Lets say that the Wellman plant used some type of integrated sensor and alarm system that was computer controlled, that recorded real-time data, kept a log of system failures or of events leading to pollution. A "document" repository might only contain a written incident report summarizing the incident, and perhaps noting the fact that the sensor and alarm system registered the incident. Unless counsel thinks through all the levels of this transaction, the data and information available through the data files of the alarm system might not be considered. For either party in litigation, or in a contested matter over a proof of claim, or in a motion determined by management's inability to handle such events, the data from the alarm system is exponentially more valuable than a summary report, which might "omit" certain details.

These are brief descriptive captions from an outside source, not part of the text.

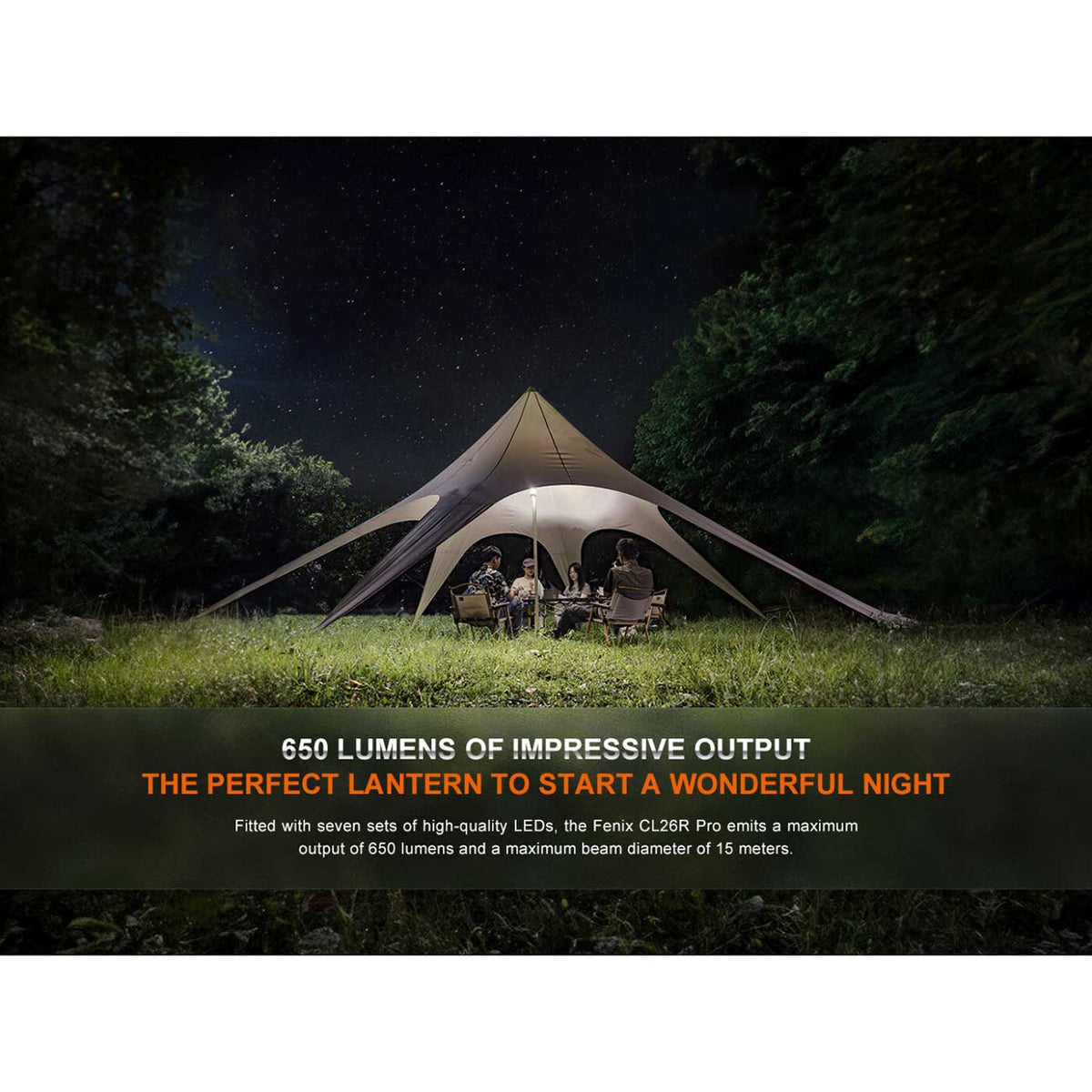 Fenix CL26R Pro – LED Campingleuchte mit 650 Lumen, Powerbank, USB-C – LEDs und Reflektor / USB-C Ladeanschluss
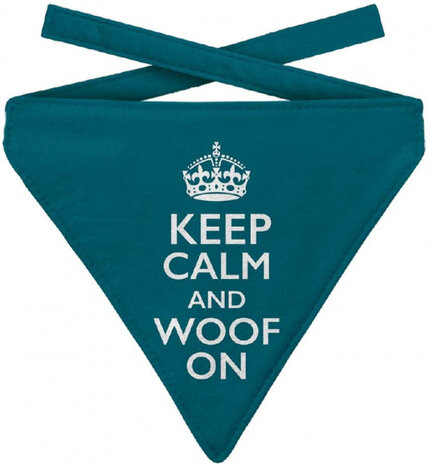 hondenhalsdoek Keep calm blauw polyester maat M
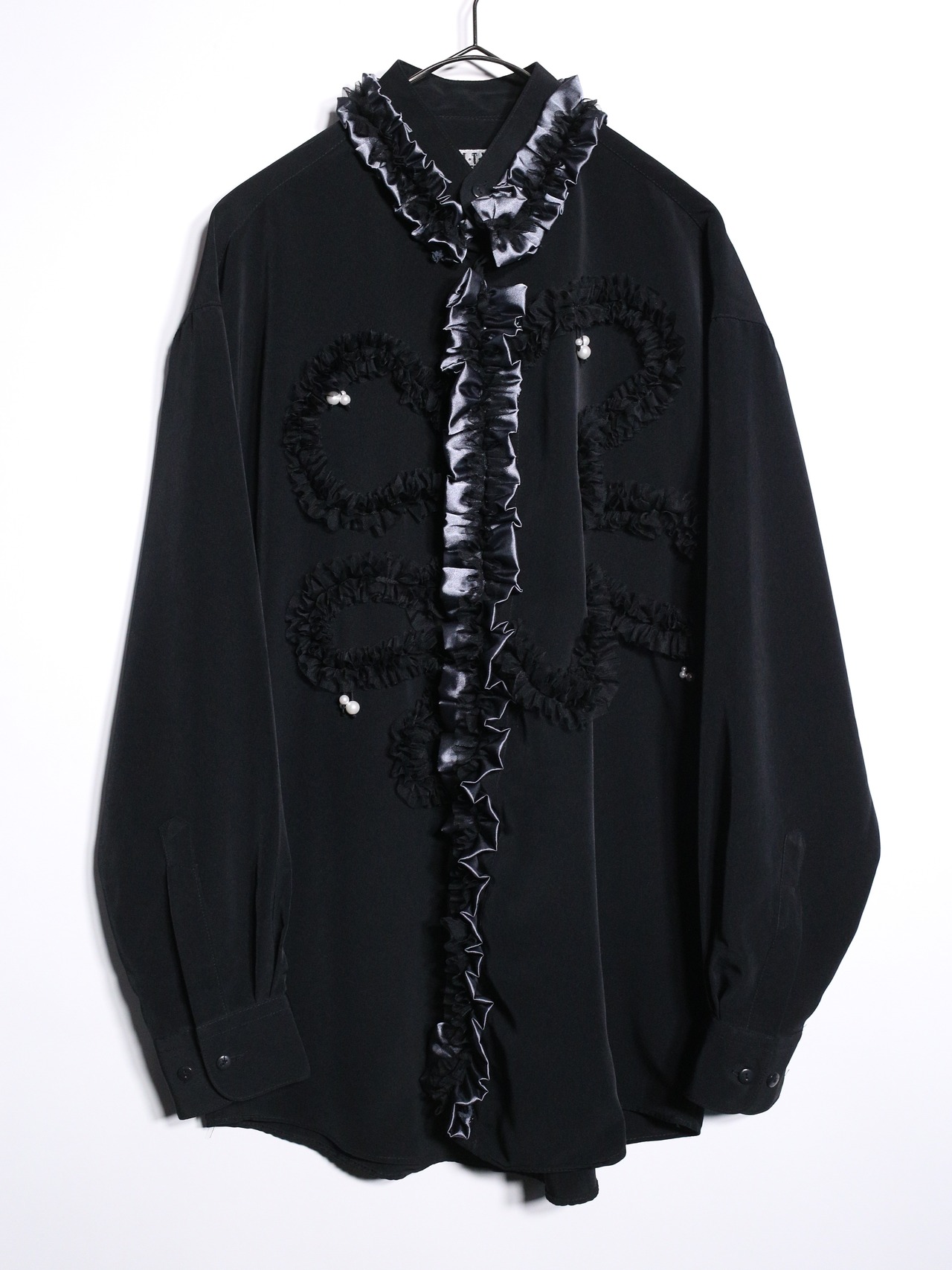 REMAKE / satin lace frills and bees custom dress shirt - 7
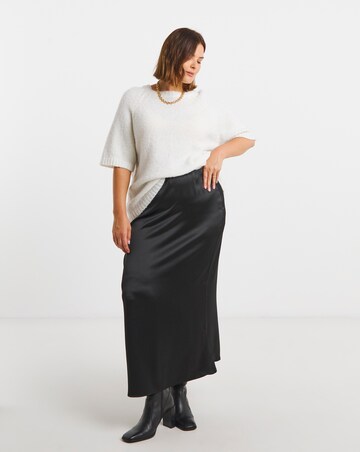 Black Satin Maxi Skirt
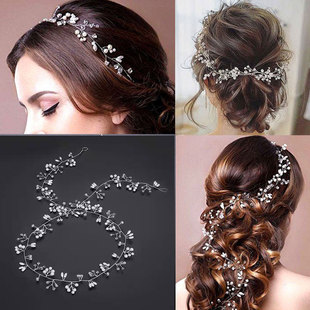欧美新娘婚礼盘发串珠，造型软链手工水晶珍珠，发带头饰配饰发带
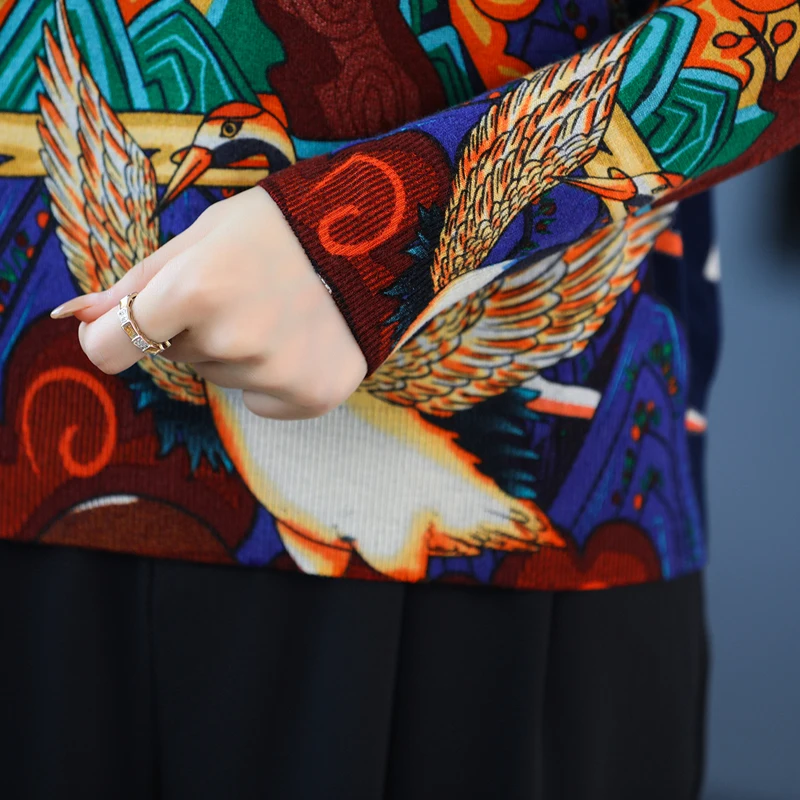 Свитер с принтом женские пуловеры на осень и весну вязаный свитер топ в китайском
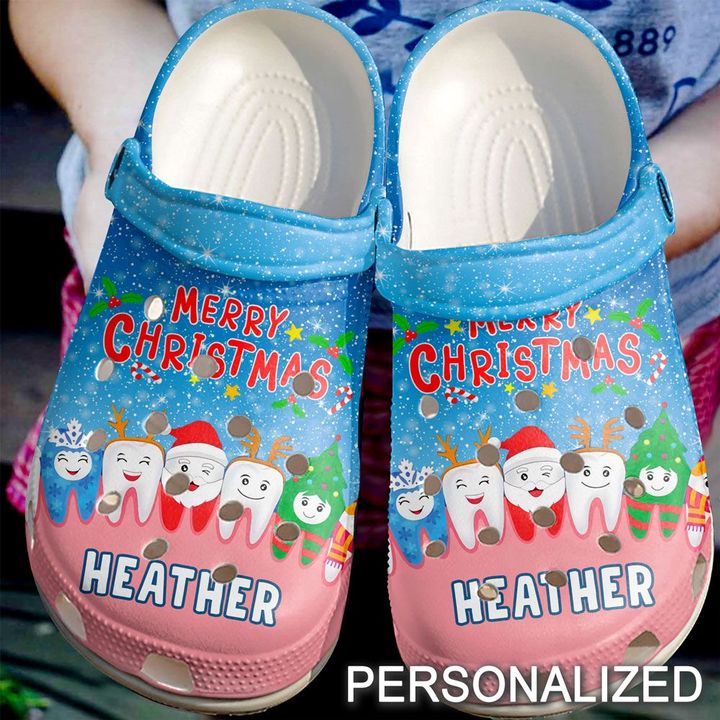 Dentist Personalized Merry Christmas Teeth Crocs Clog Shoes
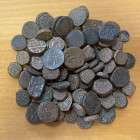 INDIAN STATES: LOT of 85 copper coins, almost half Navanagar and related common pieces (mostly KM-2), but also examples from Jodhpur, Hyderabad, Amrit...
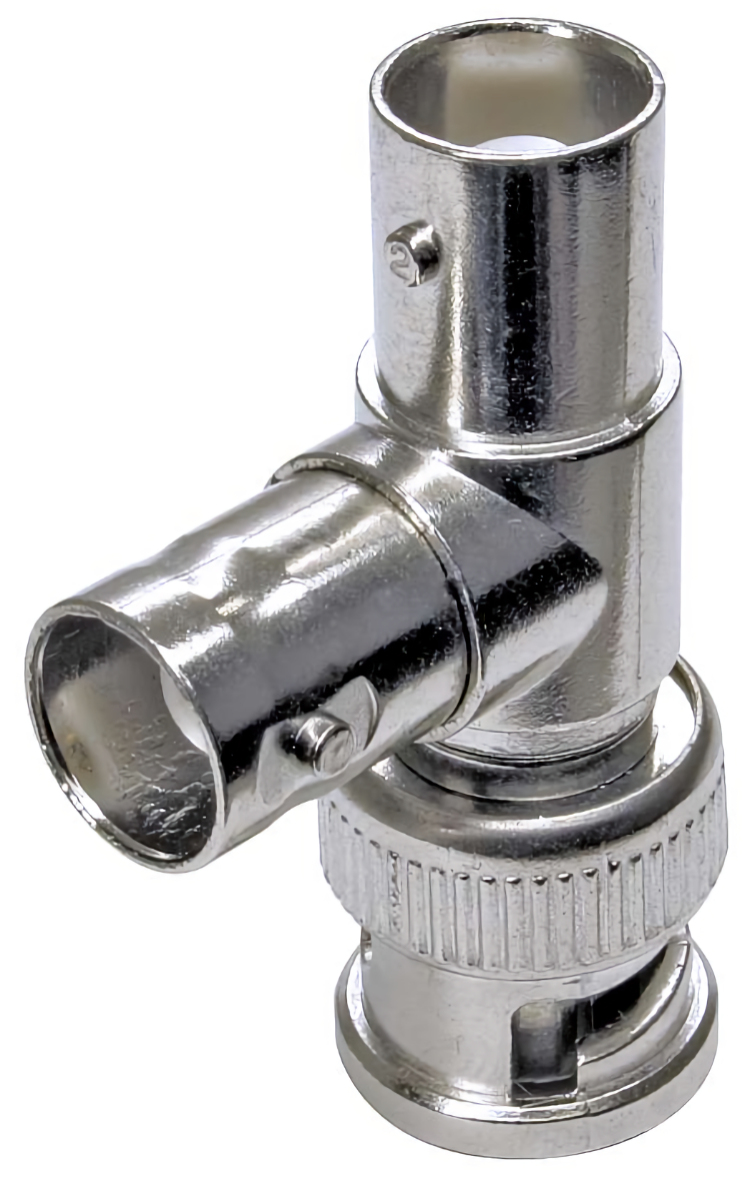 Telpix CN-SB021 RF/coaxial CN-SB021 Tee Adapter. Features Female to Female and Male jack connection, nickel-plated brass body, and PTFE insulator for 50 Ω impedance.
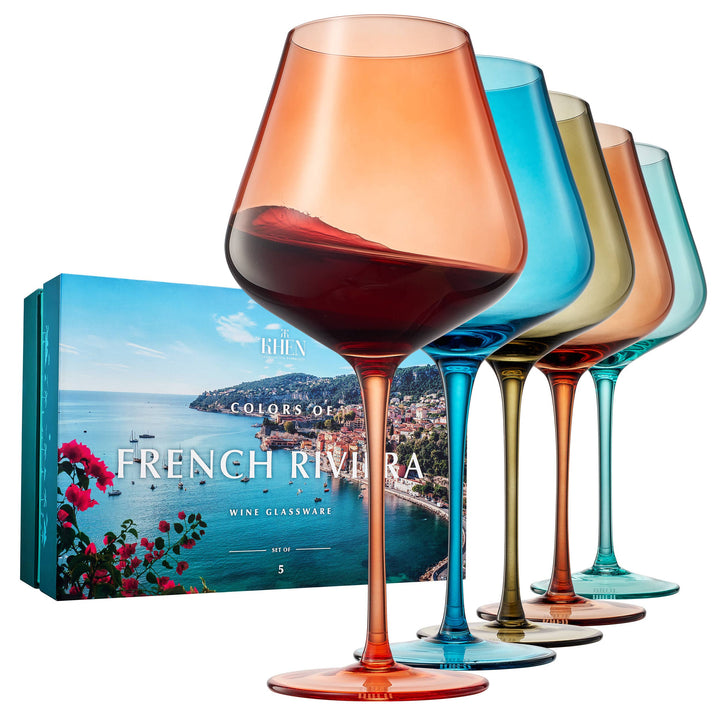 Colors of the French Riviera, Wine Glasses | 5 Set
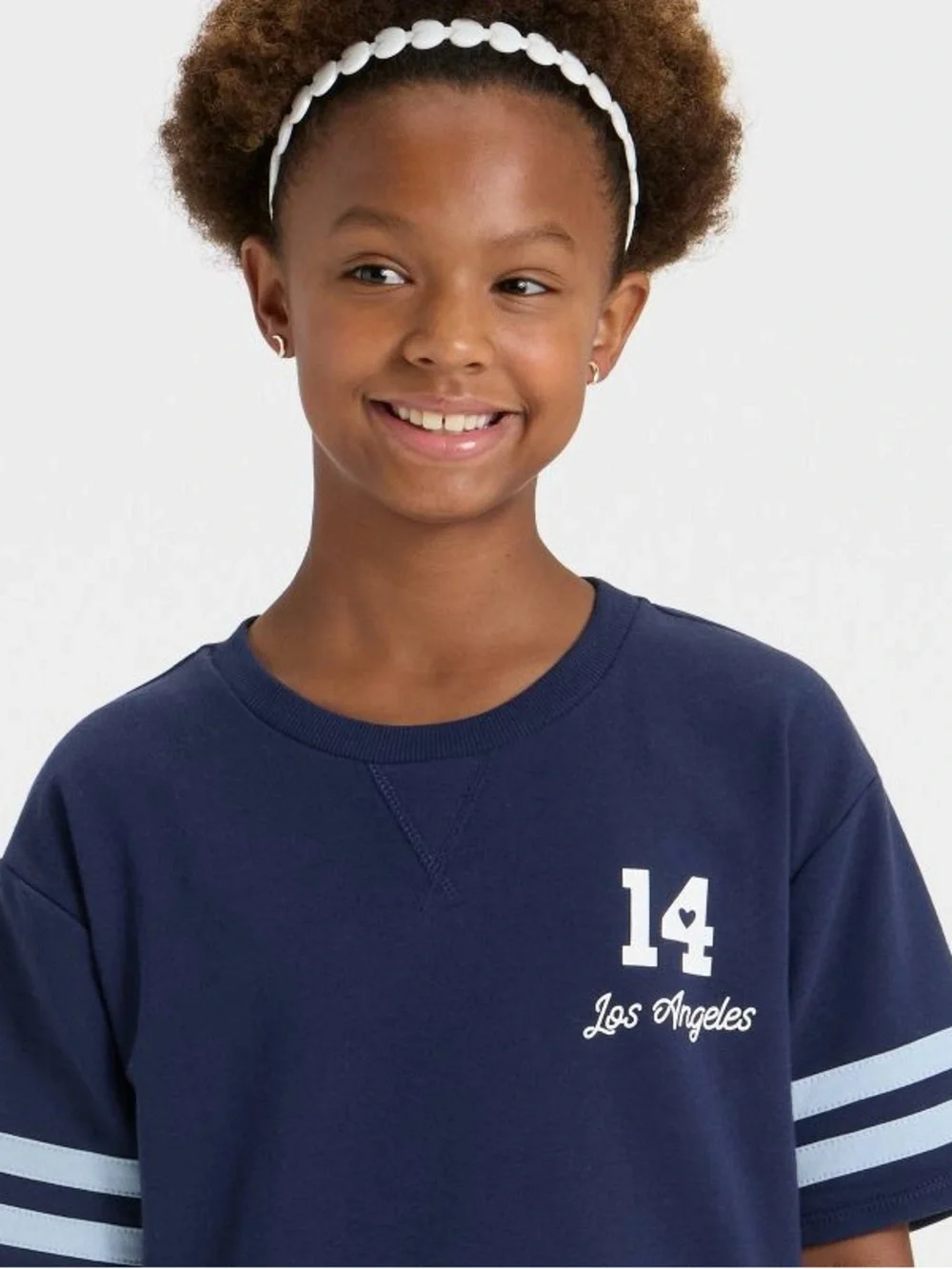 Cat & Jack Girls' Short Sleeve French Terry Sporty T-Shirt - Blue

In many cases, this "Wellman approach" is unnecessarily expensive in comparison to its actual benefits. In smaller cases in particular, documents can be scanned and ocr'ed in house by support staff. Hell, most photocopiers allow a user to scan and ocr a document (when I am not busy printing off NHRA ladders for upcoming weeks). If a matter is small enough to be photocopied in-house, why can't it be scanned and ocr'ed in house? In addition, Summation can prove to be expensive for some firms, and in my opinion, is not always terribly user-friendly. (Yes, I also know how to make coffee, send faxes, locate the key to the storage closet, and validate clients' parking. Several wise lawyers have reminded me that, if I ask support staff to do it, I need to know how to do it myself as well.)
The Wellman approach will also prove less and less effective for bankruptcy purposes, once creditors and courts require us debtor's counsel to move into "second generation" ESI. Not only do we need to understand the use and importance of software products that make up the "books and records" of the debtor, we need to understand the data files supporting the "documents" spit out by those programs. Our experts will need the data, and we have to be able to provide that data to other experts, to the US Trustee, and to the committee. We have to understand that the data constitutes property of the estate, and in many forms. And we have to know our limitations, so that we know when to call the Jack Sewards of the world so as not to screw up our client's ESI.
Now, um, if anyone in the greater Indianapolis area has any pull with any of the NHRA teams that call Indy home... you know, um, maybe put in a good word for me. I don't know anything about completely rebuilding a 7,000 h.p. engine in an hour, nor can set up a clutch to handle 320 mph speeds. I did watch a kid on Ron Capps crew last year spend all morning preparing rear tires... I think I could do that while providing valuable insights to fans in the pit area about legal developments and technology... anyone?